Sergei Medvedev: The Russian Empire Is Dying Out Like the Dinosaurs

Historian Sergei Medvedev argues that Ukrainian drones have turned Russia's vast territory into a liability, nullifying key symbolic achievements and exposing the country's strategic vulnerability.

Foto: Postimees

Ukrainian drone strikes in May 2026 have fundamentally altered the course of the war and Russia's political landscape, writes historian and writer Sergei Medvedev.

On June 3, as the St. Petersburg International Economic Forum opened, dozens of Ukrainian unmanned aerial vehicles traveled over a thousand kilometers from the Ukrainian border with little difficulty and struck infrastructure targets in the Kronstadt, Kirovsky, and Krasnoselsky districts. In Kronstadt, the corvette Boiky, a guided-missile warship that had recently escorted tankers from Russia's shadow fleet through the English Channel, was hit. The St. Petersburg Oil Terminal, the largest oil transshipment complex in northwestern Russia, was also struck.

Social media filled with videos of burning terminals, with commentators, especially men, reacting with excitement as if watching a movie. Medvedev describes this as a severe form of infantilism.

Ukrainian drones have also disrupted Russians' vacation plans. The entire Black Sea coast is experiencing oil rain, fuel spills, closed beaches in Anapa and Tuapse, and fuel shortages in Crimea. According to Defense Minister Mykhailo Fedorov, Ukrainian forces have begun a campaign of "logistical isolation."

New American-made drones incorporating machine vision and artificial intelligence are targeting fuel tankers and other trucks supplying the annexed peninsula, turning the R-280 highway into a road of death. Roadsides are littered with burned-out truck hulks, drivers refuse to deliver even for triple pay, and gasoline is virtually unobtainable in Crimea. Ration coupons for fuel have become worthless scraps of paper.
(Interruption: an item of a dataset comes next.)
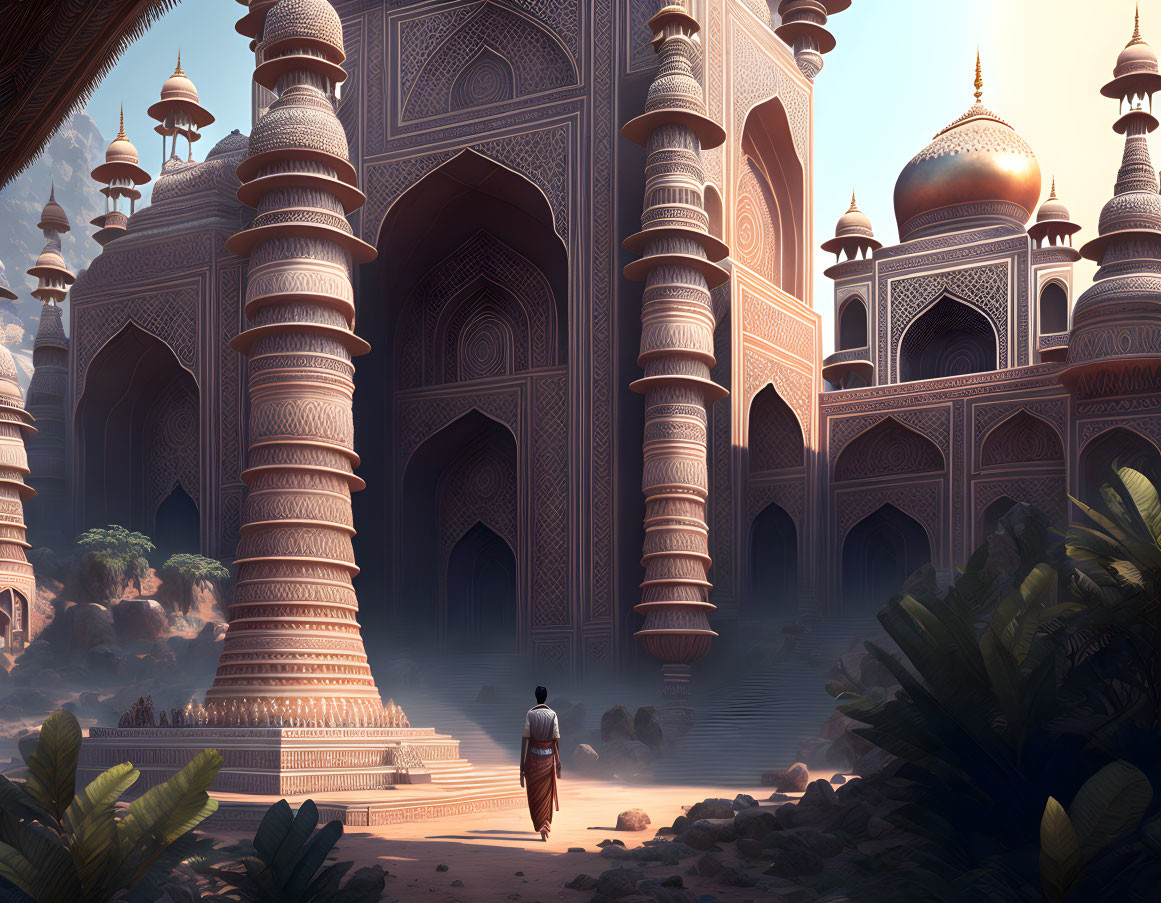 Person in Traditional Attire Walking Towards Ornate Palatial Buildings in Desert Landscape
Medvedev emphasizes that the land corridor to Crimea has been nullified, and the peninsula has become a besieged fortress once again. He notes that in May, Ukrainian drones effectively canceled three of Putin's Russia's principal symbolic achievements: the Victory Parade, which turned into a timid "parade of defeat"; the St. Petersburg Economic Forum; and the route to annexed Crimea.

Russia's immense territory, once a guarantee of invulnerability, has become a burden in a new technological era defined by unmanned systems, autonomous weapons, satellite communications, and artificial intelligence. The country can no longer defend such a vast area, and its dispersed infrastructure is highly vulnerable to small, long-range drones.

Russia, Medvedev argues, resembles dinosaurs whose gigantic bodies no longer provided an advantage in a changing environment. The country will not survive this century in its current form. The war is merely accelerating decolonization and the loss of territorial control.